Upon infection the influenza virus starts multiplying in the cells of its host. One protein that is crucial in this process is the viral polymerase - the enzyme that copies its genetic material and helps to produce more viruses. One component of the polymerase, called PB2, plays a key role in stealing an important tag from host cell RNA molecules to direct the protein production machinery towards the synthesis of viral proteins. Researchers of the groups of Stephen Cusack and Darren Hart at EMBL Grenoble have identified the PB2 domain responsible for binding the tag, produced crystals of it and examined them with the powerful X-ray beams of the European Synchrotron Radiation Facility [ESRF].
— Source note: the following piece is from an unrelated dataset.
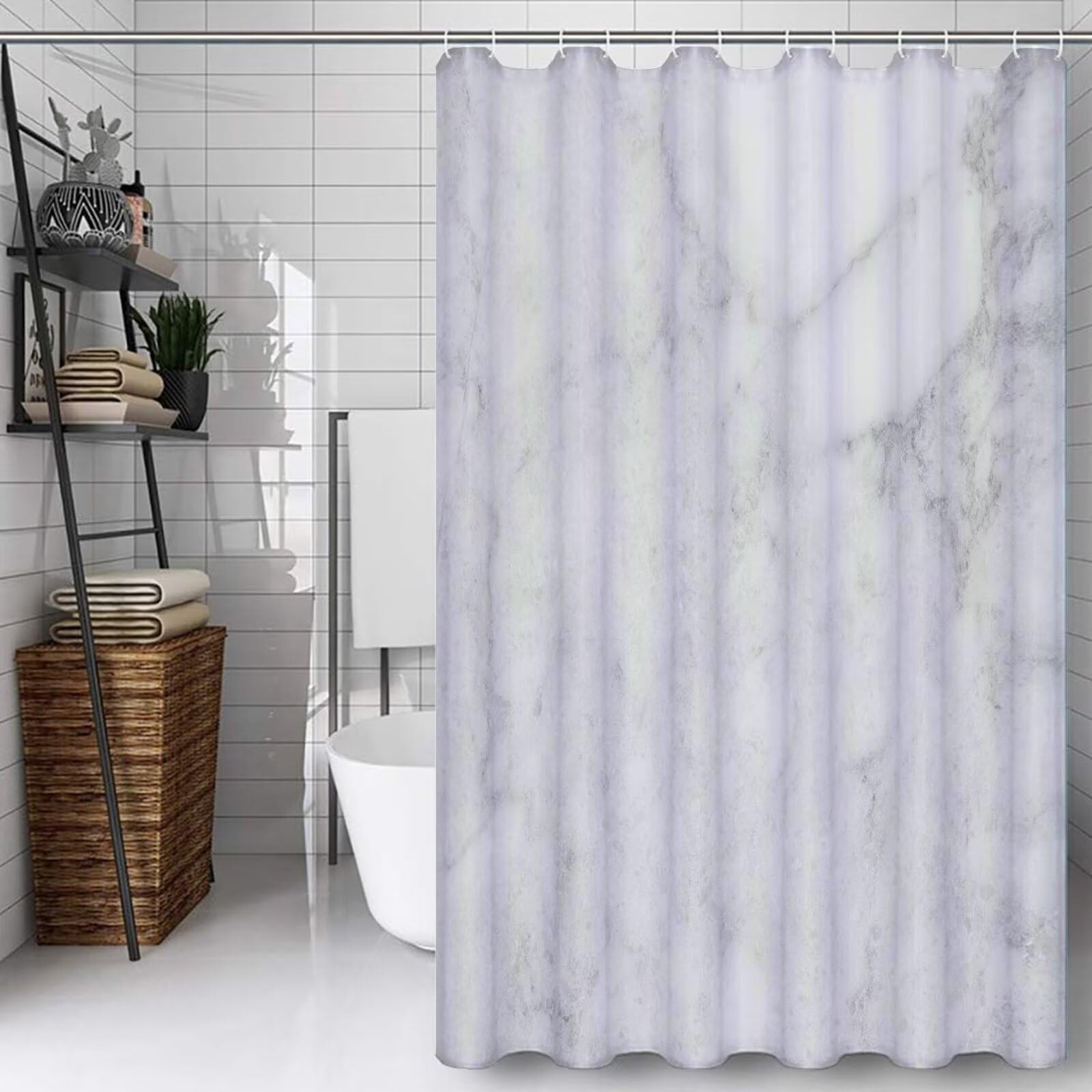 Gris Rideau Douche 180x210cm Rideau de Douche Texture Shower Curtain – Impression Polyester Tissu – avec 12 Crochets – Tissu Lavable en Machine – Imperméable – pour Salle de Bain – Hôtel D#372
"Viruses are masters of cunning when it comes to hijacking the normal functioning of the host cell. The influenza virus steals a password from host messenger RNAs, molecules that carry the instructions for protein production, and uses it to gain access to the cell's protein-making machinery for its own purposes," says Cusack.
The password is a short extra piece of RNA, a modified RNA base called a 'cap', which must be present at the beginning of all messenger RNAs [mRNAs] to direct the cell's protein-synthesis machinery to the starting point. The viral polymerase binds to host cell mRNA via its cap, cuts the cap off and adds it to the beginning of its own mRNA – a process known as 'cap snatching'. The capped viral mRNA can then be recognised by the host cell machinery allowing viral proteins to be made, at the expense of host cell proteins.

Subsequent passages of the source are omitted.